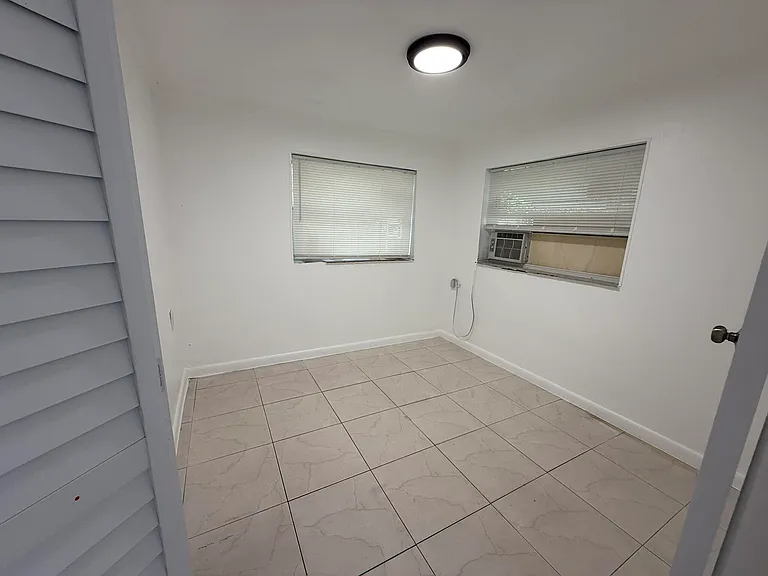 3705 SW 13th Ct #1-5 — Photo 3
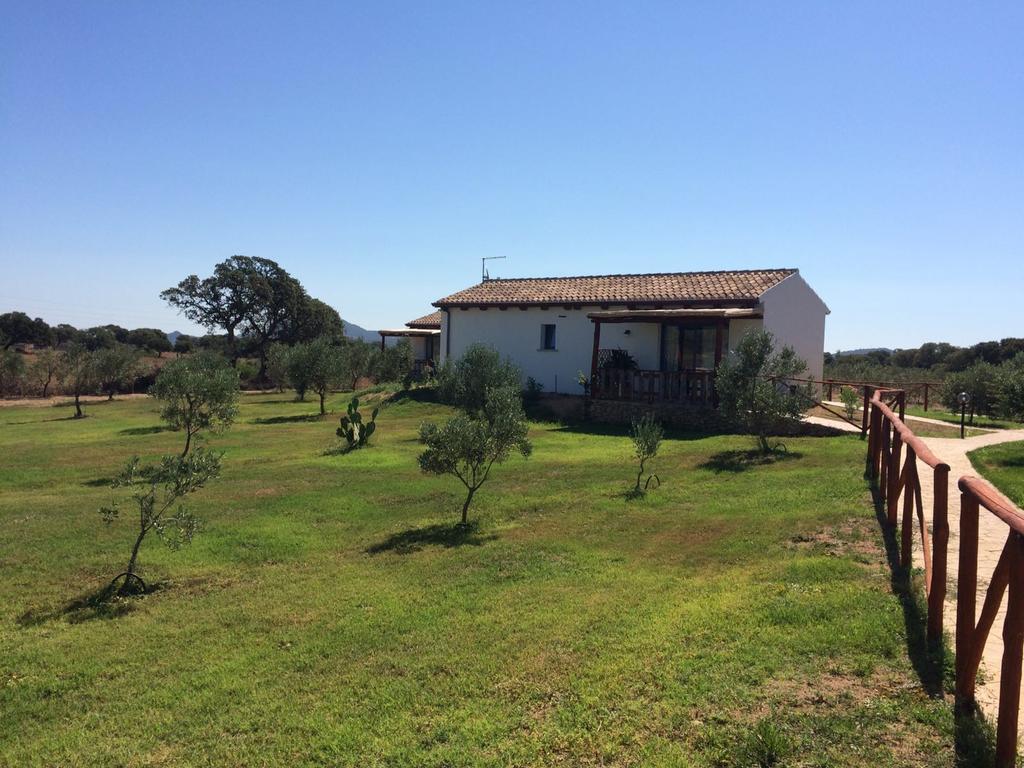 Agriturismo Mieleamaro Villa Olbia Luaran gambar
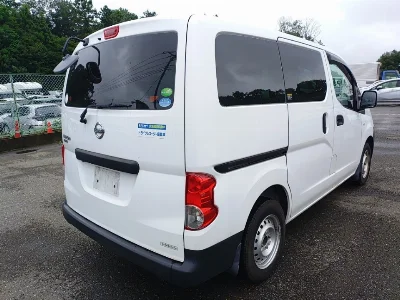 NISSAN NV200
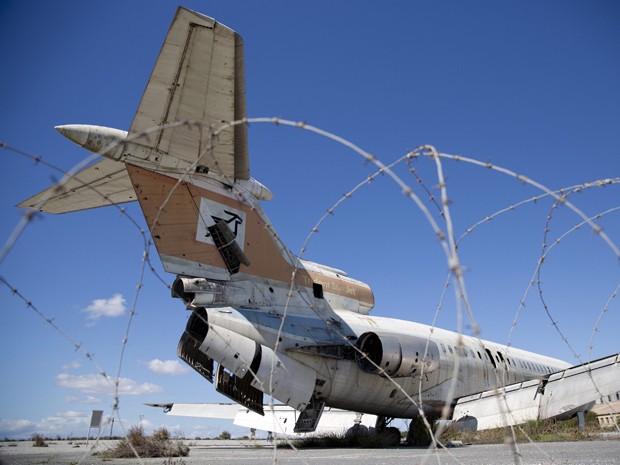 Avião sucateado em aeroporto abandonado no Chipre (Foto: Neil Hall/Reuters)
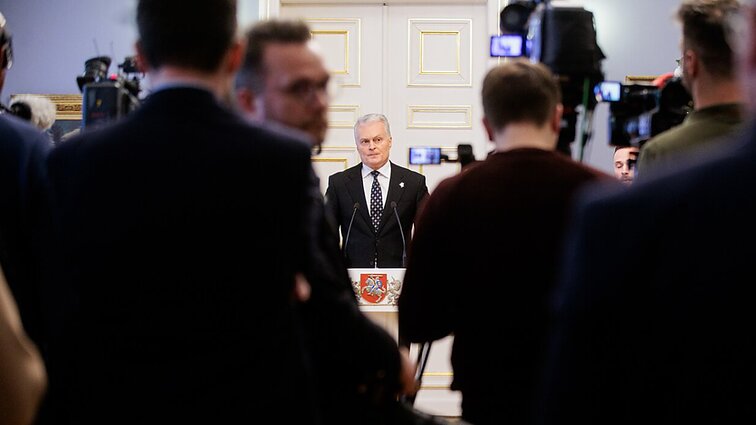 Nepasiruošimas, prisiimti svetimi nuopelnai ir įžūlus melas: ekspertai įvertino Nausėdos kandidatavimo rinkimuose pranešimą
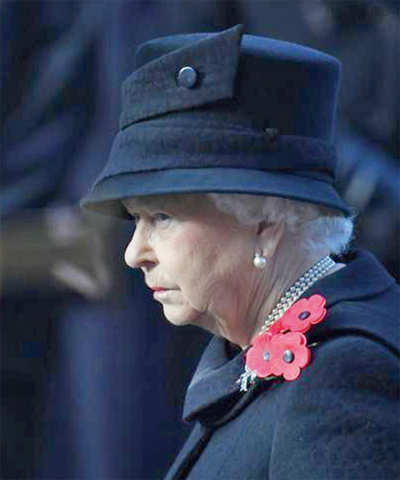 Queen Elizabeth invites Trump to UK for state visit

==============================

INSTRUCTIONS FOR THE TASK —
Set down exactly, line for line, the data from the line that contains "Agriturismo Mieleamaro Villa" through its last line, keeping pictures out.

EXERCISE RESPONSE —
 Agriturismo Mieleamaro Villa Olbia Luaran gambar
 NISSAN NV200
 Avião sucateado em aeroporto abandonado no Chipre (Foto: Neil Hall/Reuters)
 Nepasiruošimas, prisiimti svetimi nuopelnai ir įžūlus melas: ekspertai įvertino Nausėdos kandidatavimo rinkimuose pranešimą
 Queen Elizabeth invites Trump to UK for state visit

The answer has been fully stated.